# [TASK INSTRUCTIONS]
Return every record verbatim, omitting all pictures.

Short descriptive text snippets
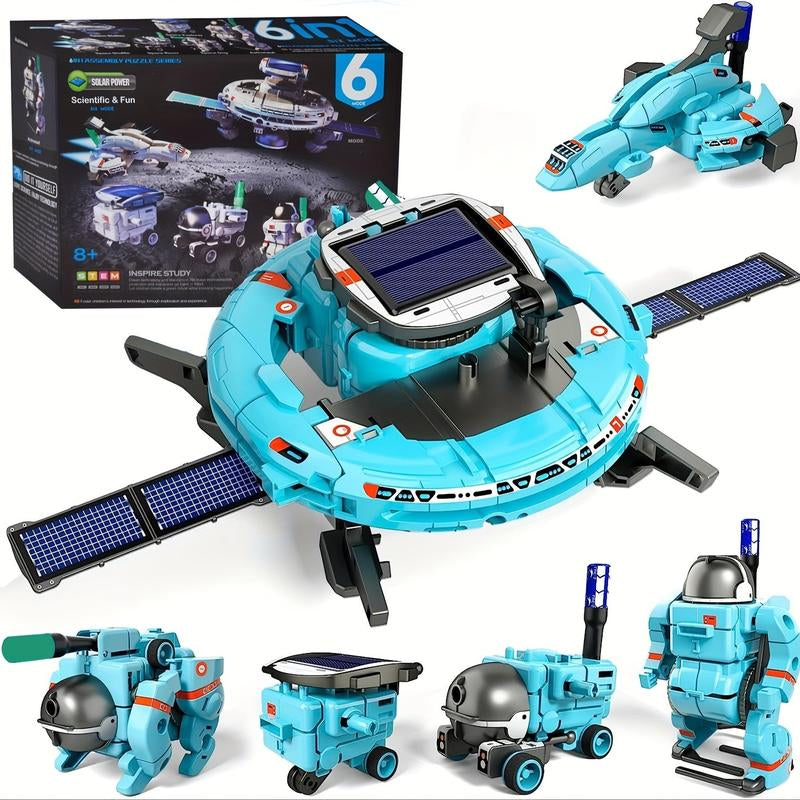 STEM 6-In-1 Solar Robot Kit - Space-Themed Educational Toy for Kids, Creative Learning, Birthday & Holiday Gift for Hands-On Science Projects Fun Mode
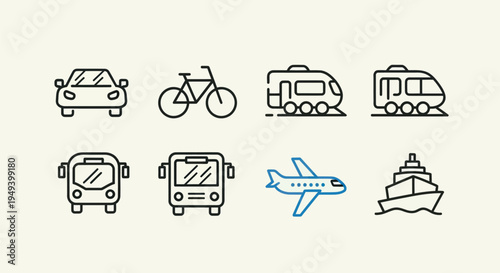 Transportation icons car bicycle airplane
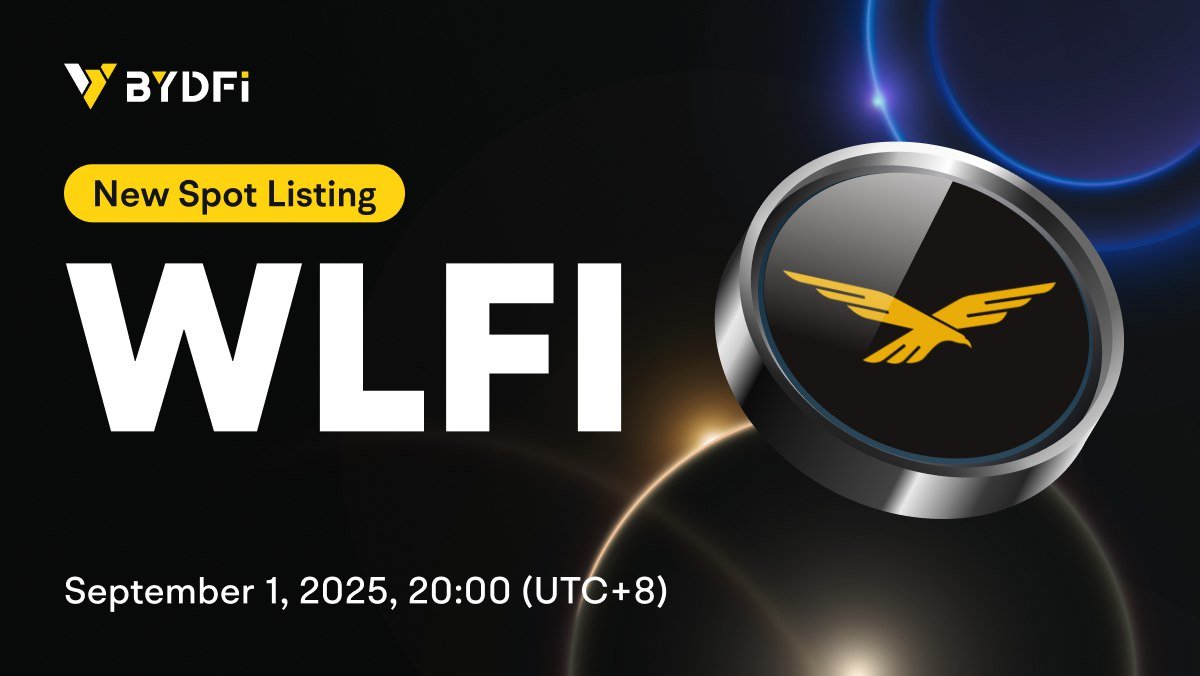 🦅 $WLFI lands on BYDFi The most-watched ticker of the week is now trading!  ⏰ Starts: 2025/09/01 20:00 (UTC+8) 🔥 Pair: WLFI/USDT @worldlibertyfi 👉  Trade now: https://t.co/H4rjz950Tq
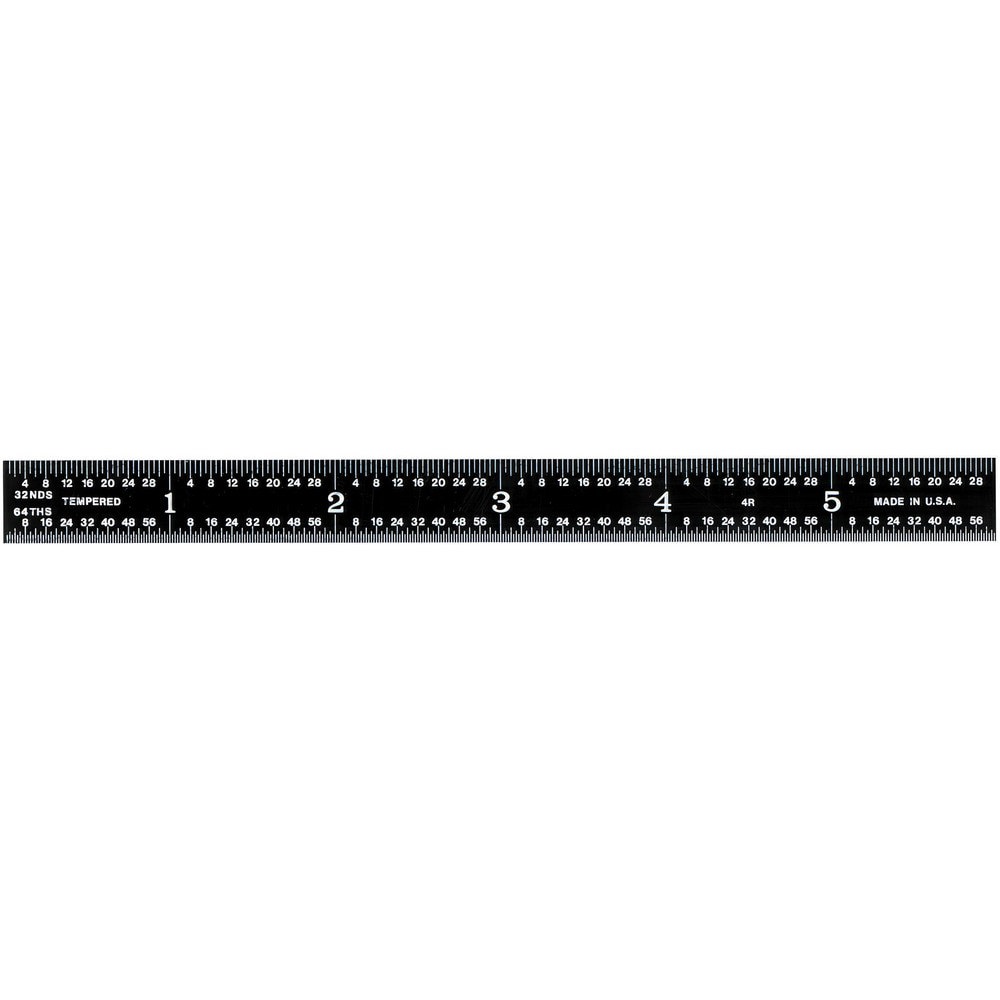 Steel Rules; Material: Steel ; Length (Inch): 6 ; Graduation (Inch): 1/64; 1/32; 1/16; 1/8 ; Tip Style: Flat ; Color: Black ; Flexibility: Flexible
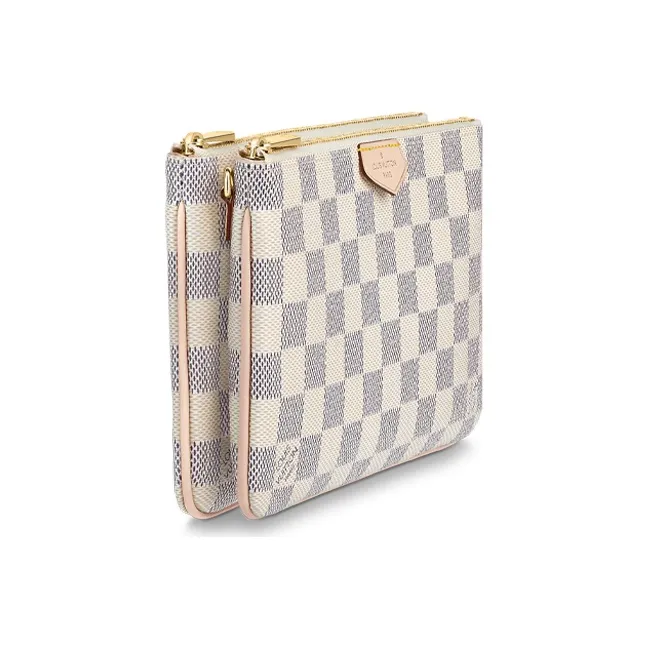 LOUIS VUITTON Cow Leather Handbag Crossbody Bag Shoulder Bag Women's Plaid-1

# [EXERCISE OUTPUT]
 STEM 6-In-1 Solar Robot Kit - Space-Themed Educational Toy for Kids, Creative Learning, Birthday & Holiday Gift for Hands-On Science Projects Fun Mode
 Transportation icons car bicycle airplane
 🦅 $WLFI lands on BYDFi The most-watched ticker of the week is now trading!  ⏰ Starts: 2025/09/01 20:00 (UTC+8) 🔥 Pair: WLFI/USDT @worldlibertyfi 👉  Trade now: https://t.co/H4rjz950Tq
 Steel Rules; Material: Steel ; Length (Inch): 6 ; Graduation (Inch): 1/64; 1/32; 1/16; 1/8 ; Tip Style: Flat ; Color: Black ; Flexibility: Flexible
 LOUIS VUITTON Cow Leather Handbag Crossbody Bag Shoulder Bag Women's Plaid-1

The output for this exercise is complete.